**What the task asks**
Please copy each line from the entries that contains the string "Used".

Material provided section start

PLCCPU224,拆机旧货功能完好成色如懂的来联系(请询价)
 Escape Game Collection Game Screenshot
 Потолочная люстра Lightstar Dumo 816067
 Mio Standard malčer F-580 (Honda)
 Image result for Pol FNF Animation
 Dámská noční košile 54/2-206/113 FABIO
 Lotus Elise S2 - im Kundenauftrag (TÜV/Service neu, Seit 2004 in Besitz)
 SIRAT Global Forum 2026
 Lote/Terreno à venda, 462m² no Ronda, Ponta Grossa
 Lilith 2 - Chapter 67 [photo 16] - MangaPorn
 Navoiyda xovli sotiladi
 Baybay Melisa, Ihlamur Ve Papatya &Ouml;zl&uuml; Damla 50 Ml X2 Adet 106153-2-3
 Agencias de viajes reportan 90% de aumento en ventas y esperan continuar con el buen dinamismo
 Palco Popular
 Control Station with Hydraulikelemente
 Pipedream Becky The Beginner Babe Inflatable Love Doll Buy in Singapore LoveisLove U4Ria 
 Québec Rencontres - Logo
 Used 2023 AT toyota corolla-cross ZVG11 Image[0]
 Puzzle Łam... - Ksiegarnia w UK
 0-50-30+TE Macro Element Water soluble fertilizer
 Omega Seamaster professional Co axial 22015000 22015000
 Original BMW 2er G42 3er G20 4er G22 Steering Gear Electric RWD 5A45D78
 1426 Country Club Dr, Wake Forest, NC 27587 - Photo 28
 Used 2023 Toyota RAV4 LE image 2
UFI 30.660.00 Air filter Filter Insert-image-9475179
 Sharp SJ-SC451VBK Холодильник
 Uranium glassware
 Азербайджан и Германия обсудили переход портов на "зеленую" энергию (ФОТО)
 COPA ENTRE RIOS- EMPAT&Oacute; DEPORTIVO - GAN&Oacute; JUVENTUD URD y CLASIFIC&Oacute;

Material provided section end

**Exercise output**
 Used 2023 AT toyota corolla-cross ZVG11 Image[0]
 Used 2023 Toyota RAV4 LE image 2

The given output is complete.